Mumsnet has not checked the qualifications of anyone posting here. If you need help urgently or expert advice, please see our domestic violence webguide and/or relationships webguide. Many Mumsnetters experiencing domestic abuse have found this thread helpful: Listen up, everybody

Financial Abuse?

9 replies

outnow2 · 14/03/2024 19:52

Close family member currently divorcing. Husband high earner, wife sahm. Wife always had access to money, spending wasn’t really questioned although she didn’t spend a lot on herself, it was mainly on children and family activities and such like. There was a joint account and joint savings and wife believed that to be the entirety of their “pot”

Wife has found out that husband had a sole account with a six figure sum in it. If that money had been in a joint account then the separation would have been far easier for her financially. To me, what he has done is not only dishonest, but a form of abuse. For further context, he was controlling in other ways whilst being publicly charming, was having a long standing affair (which the wife had forgiven him for when it first started, but was resumed within 6 months of the confession), and drank to excess making poor decisions when drunk, including violence.

wife is a mess, husband is maintaining affair and therefore divorce entirely her fault, she’s controlling, he’ll be seeking shared care of the children he’s had very little to do with, she’s exaggerated his drinking. I need to support her, to help her see this isn’t her fault, to stop believing his rubbish, and that he has financially manipulated her too, but everything I’ve read about FA involves restriction to money in a different way to this. Where can I go to get her help?

OP posts:
rockstarshoes · 14/03/2024 20:02

So has he not declared on his Form E?

Has she got evidence of the savings account, like a screenshot or a statement?

I would be telling that would report him to the police for financial abuse or getting my solicitor to send him a strongly worded letter!

outnow2 · 14/03/2024 20:09

rockstarshoes · 14/03/2024 20:02

So has he not declared on his Form E?

Has she got evidence of the savings account, like a screenshot or a statement?

I would be telling that would report him to the police for financial abuse or getting my solicitor to send him a strongly worded letter!

Yes, disclosure during the divorce is how she has discovered the existence of this account.

But there are also undisclosed accounts evident too which have now been questioned.

OP posts:
Yogatoga1 · 14/03/2024 20:15

I don’t think it’s financial abuse. Was he using money to control her? To stop her going and doing what she wanted?

all he’s really guilty of is saving money. He’s not tried to hide it in the divorce proceedings, so she will get her share.

fil used money to abuse mil. She couldn’t do anything, buy anything, go anywhere without him or make any decision over her spending. She couldn’t get a cab to visit a friend as she had no access to bank cards or money unless he gave her cash. That’s financial abuse.

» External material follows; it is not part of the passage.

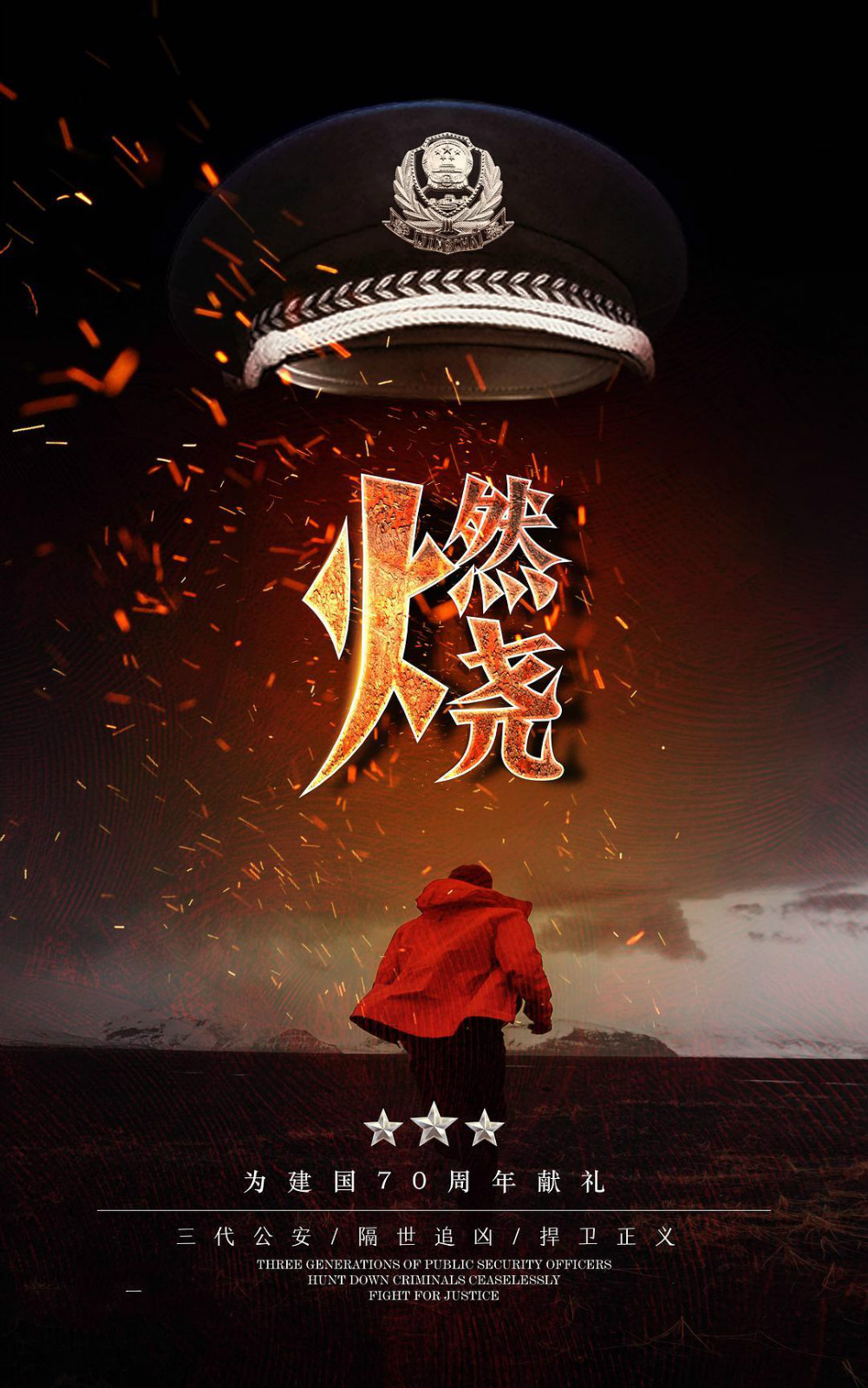 豆瓣评分平均7.0以上，作为编剧的他参与的刑侦剧到底有多燃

i have several savings pots in my name that dh doesn’t know about. Not because I’m hiding it, it’s spare cash I put aside for holidays and our future. He might be doing the same. Neither of us are short, and neither of us has to ask the other if we want to spend our own money.

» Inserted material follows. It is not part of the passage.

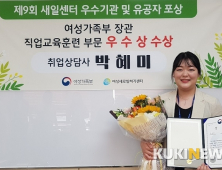 아산시 여성새일센터 박혜미 취업상담사, 여가부 장관상 수상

ivegotthisyeah · 14/03/2024 20:27

If it's on the form E it's on the table to be carved up

outnow2 · 14/03/2024 20:31

Yogatoga1 · 14/03/2024 20:15

I don’t think it’s financial abuse. Was he using money to control her? To stop her going and doing what she wanted?

all he’s really guilty of is saving money. He’s not tried to hide it in the divorce proceedings, so she will get her share.

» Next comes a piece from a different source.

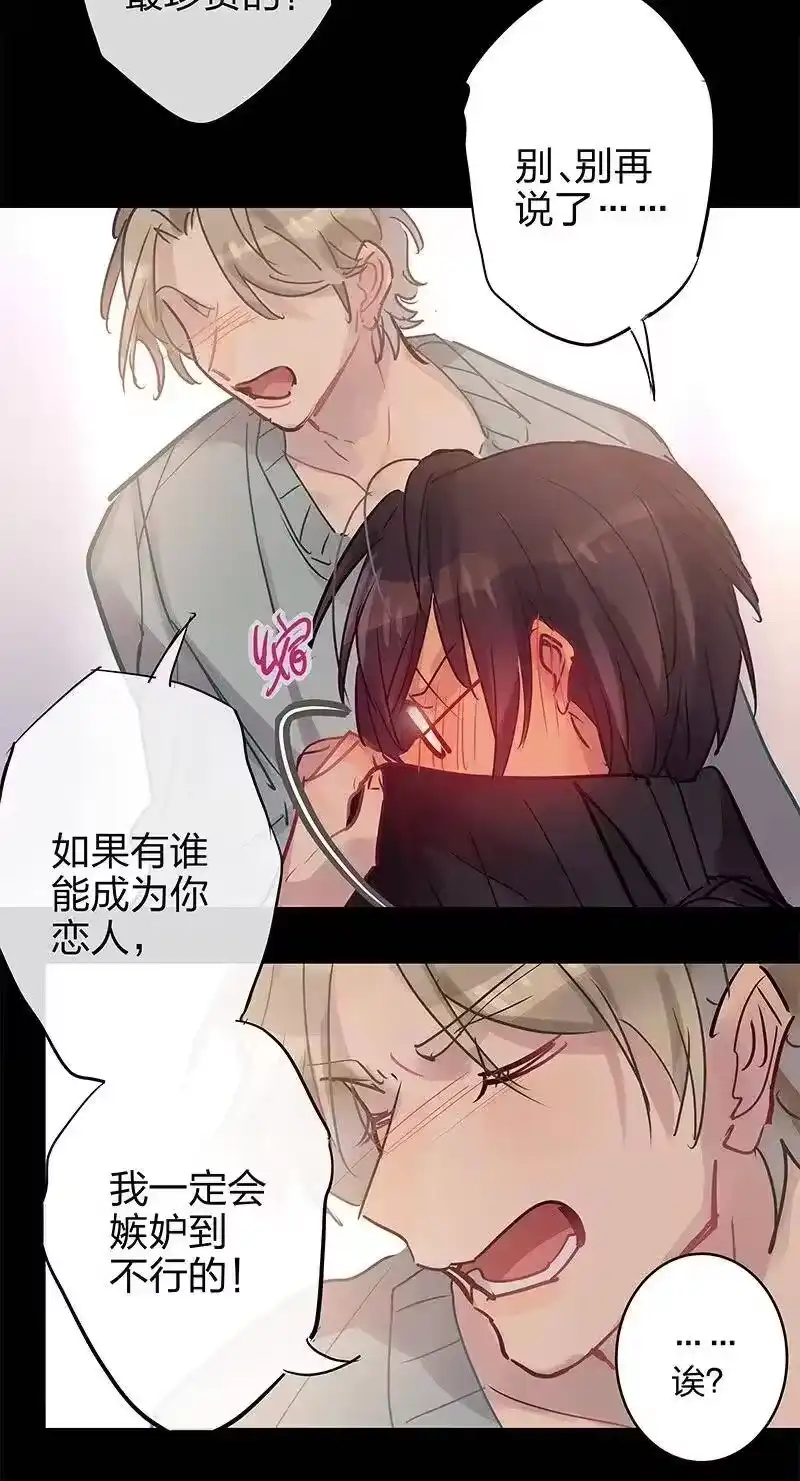 男友总在修罗场_h 130 喜欢很重要 第15页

fil used money to abuse mil. She couldn’t do anything, buy anything, go anywhere without him or make any decision over her spending. She couldn’t get a cab to visit a friend as she had no access to bank cards or money unless he gave her cash. That’s financial abuse.

i have several savings pots in my name that dh doesn’t know about. Not because I’m hiding it, it’s spare cash I put aside for holidays and our future. He might be doing the same. Neither of us are short, and neither of us has to ask the other if we want to spend our own money.

Edited

Yes, that’s what I’ve read. But she was and still is financially dependent on him. There was no way of her having her own savings. Their money had been in a joint pot for many years and she believed this was still the case. He used joint savings to fund quite excessive spending in the last few years so these had been depleted too. I feel like he was probably trying to stop her leaving by ensuring she couldn’t financially. She believed they had a transparent and healthy financial relationship.

OP posts:
rockstarshoes · 15/03/2024 09:38

It's quite to tell what's happened from the information provided.

Have they divorced already & he hasn't handed over her share?

Does she have legal representation?

Fairygoblin · 15/03/2024 10:19

Not really sure what you're asking. Do you want her to report him to the police?

Nocturna · 15/03/2024 23:29

outnow2 · 14/03/2024 20:31

Yes, that’s what I’ve read. But she was and still is financially dependent on him. There was no way of her having her own savings. Their money had been in a joint pot for many years and she believed this was still the case. He used joint savings to fund quite excessive spending in the last few years so these had been depleted too. I feel like he was probably trying to stop her leaving by ensuring she couldn’t financially. She believed they had a transparent and healthy financial relationship.

So if she had access to it, she would have used his money to leave him?

If she wanted to leave, she would have been able to get a job and save up to organise it. Presuming there wasn’t a pressing need due to abuse, in which case a women’s refuge would have been the option.

It doesn’t sound like her access to money was restricted. Him saving some money aside doesn’t equal abuse.

Why is she still financially dependent on him? Is there a disability preventing her from working?

AnneLovesGilbert · 15/03/2024 23:43

Why’s she still relying on him financially? Is she going to apply for benefits? Not clear if they’re still living together. She’s hopefully got a lawyer, she should discuss this with them.